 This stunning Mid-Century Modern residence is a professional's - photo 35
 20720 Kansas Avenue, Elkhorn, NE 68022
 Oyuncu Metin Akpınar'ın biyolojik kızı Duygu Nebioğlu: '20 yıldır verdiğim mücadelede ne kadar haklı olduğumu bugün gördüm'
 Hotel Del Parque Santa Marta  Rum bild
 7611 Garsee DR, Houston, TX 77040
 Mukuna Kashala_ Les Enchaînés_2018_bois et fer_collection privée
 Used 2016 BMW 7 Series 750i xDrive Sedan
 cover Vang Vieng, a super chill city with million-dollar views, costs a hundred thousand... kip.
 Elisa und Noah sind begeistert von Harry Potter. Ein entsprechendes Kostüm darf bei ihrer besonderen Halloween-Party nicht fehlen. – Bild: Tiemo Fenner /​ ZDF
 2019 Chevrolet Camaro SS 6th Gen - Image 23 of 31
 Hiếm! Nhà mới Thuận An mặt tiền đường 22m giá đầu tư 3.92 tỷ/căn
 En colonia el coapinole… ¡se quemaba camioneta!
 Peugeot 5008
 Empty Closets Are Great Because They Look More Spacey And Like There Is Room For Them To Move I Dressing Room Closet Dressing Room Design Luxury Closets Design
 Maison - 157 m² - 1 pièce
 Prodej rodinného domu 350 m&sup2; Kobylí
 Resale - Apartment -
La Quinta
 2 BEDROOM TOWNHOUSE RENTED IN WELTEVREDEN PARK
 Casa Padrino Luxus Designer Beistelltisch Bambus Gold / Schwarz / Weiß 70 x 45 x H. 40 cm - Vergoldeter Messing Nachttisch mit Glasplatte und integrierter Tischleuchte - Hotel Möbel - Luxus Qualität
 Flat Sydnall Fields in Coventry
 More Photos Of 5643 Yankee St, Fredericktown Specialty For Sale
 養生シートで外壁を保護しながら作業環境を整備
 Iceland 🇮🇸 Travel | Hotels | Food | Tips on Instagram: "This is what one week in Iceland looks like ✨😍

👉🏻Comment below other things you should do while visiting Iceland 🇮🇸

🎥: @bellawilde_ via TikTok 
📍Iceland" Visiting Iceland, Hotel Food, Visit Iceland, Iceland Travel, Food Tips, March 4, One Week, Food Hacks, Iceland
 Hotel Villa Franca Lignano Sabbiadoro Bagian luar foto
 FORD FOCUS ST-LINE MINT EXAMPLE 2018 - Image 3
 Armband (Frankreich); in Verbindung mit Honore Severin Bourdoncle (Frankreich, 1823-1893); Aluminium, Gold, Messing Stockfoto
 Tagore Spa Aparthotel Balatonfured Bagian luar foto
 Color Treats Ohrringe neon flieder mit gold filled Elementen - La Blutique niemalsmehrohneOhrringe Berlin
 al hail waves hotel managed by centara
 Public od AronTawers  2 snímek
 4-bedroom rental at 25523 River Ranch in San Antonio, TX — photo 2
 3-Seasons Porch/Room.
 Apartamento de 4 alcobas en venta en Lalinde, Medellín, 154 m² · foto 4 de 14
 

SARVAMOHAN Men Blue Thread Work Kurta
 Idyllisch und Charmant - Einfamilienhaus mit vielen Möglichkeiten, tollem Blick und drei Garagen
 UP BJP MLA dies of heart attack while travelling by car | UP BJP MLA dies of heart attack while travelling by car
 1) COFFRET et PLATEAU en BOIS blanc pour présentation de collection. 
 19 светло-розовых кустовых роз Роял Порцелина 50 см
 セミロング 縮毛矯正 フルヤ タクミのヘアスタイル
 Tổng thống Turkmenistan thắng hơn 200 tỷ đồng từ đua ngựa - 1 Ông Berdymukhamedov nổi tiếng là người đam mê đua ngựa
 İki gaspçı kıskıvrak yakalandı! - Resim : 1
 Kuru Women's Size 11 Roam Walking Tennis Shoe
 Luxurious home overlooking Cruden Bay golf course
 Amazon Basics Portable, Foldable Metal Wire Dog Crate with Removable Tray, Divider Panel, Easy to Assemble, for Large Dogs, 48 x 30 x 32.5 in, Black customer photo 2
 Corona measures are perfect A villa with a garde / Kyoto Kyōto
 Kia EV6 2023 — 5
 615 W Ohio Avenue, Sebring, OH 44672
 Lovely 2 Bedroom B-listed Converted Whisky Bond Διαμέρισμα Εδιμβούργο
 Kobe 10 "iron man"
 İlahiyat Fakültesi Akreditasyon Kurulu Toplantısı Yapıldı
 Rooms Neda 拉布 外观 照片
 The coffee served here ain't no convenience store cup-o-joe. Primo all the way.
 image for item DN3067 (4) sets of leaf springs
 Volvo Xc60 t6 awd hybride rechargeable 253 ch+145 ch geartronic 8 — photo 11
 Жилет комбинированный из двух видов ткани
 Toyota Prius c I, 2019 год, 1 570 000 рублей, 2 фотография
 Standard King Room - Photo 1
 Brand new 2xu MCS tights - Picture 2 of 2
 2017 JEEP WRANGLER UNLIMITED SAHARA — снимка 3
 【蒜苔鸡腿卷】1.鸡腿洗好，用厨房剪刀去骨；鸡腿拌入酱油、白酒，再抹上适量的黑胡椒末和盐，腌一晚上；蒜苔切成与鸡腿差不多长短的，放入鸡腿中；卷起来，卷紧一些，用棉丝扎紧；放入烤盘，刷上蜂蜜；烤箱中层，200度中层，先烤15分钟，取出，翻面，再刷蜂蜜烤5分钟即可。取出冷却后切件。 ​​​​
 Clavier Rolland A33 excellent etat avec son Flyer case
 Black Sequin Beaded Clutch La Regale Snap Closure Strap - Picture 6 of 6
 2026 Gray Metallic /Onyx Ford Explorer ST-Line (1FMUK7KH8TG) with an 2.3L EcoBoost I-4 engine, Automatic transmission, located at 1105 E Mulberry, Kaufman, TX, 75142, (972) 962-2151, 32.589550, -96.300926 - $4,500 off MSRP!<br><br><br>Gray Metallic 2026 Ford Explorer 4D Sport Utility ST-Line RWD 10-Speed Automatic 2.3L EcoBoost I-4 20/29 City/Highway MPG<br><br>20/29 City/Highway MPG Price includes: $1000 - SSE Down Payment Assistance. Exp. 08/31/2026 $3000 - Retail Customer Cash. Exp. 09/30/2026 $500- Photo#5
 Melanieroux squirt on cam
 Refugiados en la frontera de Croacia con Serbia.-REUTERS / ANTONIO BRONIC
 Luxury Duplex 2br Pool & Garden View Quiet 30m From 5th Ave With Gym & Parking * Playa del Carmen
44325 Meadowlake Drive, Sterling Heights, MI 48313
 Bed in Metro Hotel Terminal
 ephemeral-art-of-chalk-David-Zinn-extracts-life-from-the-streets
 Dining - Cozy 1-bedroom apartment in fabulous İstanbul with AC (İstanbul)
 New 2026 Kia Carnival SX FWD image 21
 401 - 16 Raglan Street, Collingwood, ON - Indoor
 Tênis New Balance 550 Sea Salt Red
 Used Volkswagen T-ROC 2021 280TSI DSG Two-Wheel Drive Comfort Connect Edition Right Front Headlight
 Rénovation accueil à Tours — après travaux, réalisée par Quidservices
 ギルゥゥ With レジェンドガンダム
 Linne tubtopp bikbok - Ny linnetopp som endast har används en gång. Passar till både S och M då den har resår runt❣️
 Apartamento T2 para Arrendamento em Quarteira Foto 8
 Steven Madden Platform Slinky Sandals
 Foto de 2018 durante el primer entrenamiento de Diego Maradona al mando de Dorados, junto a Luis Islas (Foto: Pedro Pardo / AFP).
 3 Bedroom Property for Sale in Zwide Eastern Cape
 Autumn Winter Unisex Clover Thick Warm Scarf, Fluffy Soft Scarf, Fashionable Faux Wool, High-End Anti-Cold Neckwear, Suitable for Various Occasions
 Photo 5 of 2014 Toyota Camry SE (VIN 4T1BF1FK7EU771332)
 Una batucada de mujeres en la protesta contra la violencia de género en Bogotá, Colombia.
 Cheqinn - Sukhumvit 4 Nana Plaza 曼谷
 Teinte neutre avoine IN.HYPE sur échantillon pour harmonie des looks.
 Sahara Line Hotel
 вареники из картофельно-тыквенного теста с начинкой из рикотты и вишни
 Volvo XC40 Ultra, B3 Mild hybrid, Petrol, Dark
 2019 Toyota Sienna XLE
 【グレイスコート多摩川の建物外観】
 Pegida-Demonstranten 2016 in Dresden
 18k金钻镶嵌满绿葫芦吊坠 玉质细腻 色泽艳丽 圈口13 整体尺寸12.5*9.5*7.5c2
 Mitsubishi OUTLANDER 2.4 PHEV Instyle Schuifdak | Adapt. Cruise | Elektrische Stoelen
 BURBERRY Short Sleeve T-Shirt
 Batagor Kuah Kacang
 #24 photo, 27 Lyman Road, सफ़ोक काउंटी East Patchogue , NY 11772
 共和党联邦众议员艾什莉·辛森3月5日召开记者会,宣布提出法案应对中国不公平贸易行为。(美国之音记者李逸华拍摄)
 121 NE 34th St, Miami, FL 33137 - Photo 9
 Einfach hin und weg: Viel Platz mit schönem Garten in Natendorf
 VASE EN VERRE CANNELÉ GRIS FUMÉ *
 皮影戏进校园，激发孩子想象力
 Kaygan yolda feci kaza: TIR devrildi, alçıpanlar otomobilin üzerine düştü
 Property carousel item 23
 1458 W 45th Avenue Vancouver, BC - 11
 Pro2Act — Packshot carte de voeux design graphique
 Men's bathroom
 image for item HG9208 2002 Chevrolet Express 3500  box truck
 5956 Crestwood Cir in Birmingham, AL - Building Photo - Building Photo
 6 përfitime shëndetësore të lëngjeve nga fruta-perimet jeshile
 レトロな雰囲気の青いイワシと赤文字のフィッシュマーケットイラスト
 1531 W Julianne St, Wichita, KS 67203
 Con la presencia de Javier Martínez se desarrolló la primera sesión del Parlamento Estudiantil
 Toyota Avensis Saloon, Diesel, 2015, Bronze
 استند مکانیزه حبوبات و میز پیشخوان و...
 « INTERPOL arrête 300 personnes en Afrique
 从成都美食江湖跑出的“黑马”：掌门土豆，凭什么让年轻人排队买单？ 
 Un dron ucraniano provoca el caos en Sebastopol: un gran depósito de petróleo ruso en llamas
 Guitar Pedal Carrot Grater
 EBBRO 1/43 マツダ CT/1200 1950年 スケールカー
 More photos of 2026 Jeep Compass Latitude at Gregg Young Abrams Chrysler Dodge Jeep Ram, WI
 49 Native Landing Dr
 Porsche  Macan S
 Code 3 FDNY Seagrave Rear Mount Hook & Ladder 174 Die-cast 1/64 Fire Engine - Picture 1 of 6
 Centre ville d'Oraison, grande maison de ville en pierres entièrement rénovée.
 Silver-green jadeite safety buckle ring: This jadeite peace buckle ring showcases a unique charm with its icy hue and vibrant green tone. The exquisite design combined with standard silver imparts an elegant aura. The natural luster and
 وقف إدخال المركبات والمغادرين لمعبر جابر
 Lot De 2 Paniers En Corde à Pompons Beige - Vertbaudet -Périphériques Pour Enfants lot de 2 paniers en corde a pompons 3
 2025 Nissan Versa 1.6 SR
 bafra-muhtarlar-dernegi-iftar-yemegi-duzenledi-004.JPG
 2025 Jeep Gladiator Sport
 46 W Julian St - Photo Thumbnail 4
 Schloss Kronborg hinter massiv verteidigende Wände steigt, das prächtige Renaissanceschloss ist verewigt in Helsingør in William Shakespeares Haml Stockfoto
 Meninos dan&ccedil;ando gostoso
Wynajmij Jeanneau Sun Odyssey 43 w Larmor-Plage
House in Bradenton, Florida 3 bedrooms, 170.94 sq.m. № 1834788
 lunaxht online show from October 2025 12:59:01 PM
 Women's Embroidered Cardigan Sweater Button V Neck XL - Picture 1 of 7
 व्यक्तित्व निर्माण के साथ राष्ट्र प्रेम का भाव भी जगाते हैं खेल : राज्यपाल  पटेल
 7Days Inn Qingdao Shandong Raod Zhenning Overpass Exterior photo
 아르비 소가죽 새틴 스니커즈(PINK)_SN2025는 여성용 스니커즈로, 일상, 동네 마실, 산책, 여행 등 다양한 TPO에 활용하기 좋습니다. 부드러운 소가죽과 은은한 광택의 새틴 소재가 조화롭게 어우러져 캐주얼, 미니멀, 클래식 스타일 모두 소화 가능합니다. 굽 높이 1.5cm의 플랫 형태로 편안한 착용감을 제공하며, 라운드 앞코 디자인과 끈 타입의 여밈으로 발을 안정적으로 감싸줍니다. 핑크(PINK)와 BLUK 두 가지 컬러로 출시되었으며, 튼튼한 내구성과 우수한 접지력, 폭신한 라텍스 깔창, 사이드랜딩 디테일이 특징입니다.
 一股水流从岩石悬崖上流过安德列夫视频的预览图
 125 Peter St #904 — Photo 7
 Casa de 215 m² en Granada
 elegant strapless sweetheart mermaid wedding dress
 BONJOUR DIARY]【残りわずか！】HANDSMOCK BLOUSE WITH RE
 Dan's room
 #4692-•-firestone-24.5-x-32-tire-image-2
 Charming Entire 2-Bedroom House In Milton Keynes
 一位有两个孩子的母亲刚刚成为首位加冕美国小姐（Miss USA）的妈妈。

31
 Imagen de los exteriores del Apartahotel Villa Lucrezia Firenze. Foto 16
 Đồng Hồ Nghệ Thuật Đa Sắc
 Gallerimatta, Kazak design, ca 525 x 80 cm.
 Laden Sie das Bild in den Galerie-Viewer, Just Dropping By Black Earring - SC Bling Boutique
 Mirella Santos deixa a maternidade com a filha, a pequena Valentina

+ + +

:: Exercise instructions ::
The answer must consist of every line above that contains the word "Messing".

:: Written reply ::
 Casa Padrino Luxus Designer Beistelltisch Bambus Gold / Schwarz / Weiß 70 x 45 x H. 40 cm - Vergoldeter Messing Nachttisch mit Glasplatte und integrierter Tischleuchte - Hotel Möbel - Luxus Qualität
 Armband (Frankreich); in Verbindung mit Honore Severin Bourdoncle (Frankreich, 1823-1893); Aluminium, Gold, Messing Stockfoto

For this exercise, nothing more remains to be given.